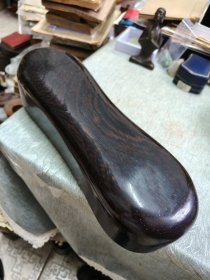 红木枕头，长30厘米左右，纹路漂亮，品相好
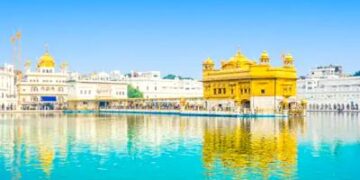 गोल्डन टेंपल परिसर में बेअदबी की कोशिश: युवक ने पावन स्वरूप के सामने रखी तलवार निकाली, SGPC अध्यक्ष ने लिया संज्ञान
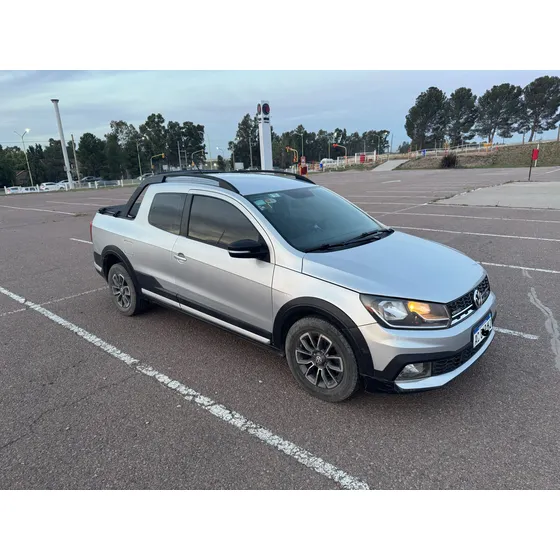Volkswagen Saveiro 1.6 Cross Gp Cd 110cv Pack High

### WHAT THE EXERCISE ASKS
Transcribe all of the material exactly, leaving out whatever pictures it contains.

### EXPECTED ANSWER
 红木枕头，长30厘米左右，纹路漂亮，品相好
 गोल्डन टेंपल परिसर में बेअदबी की कोशिश: युवक ने पावन स्वरूप के सामने रखी तलवार निकाली, SGPC अध्यक्ष ने लिया संज्ञान
Volkswagen Saveiro 1.6 Cross Gp Cd 110cv Pack High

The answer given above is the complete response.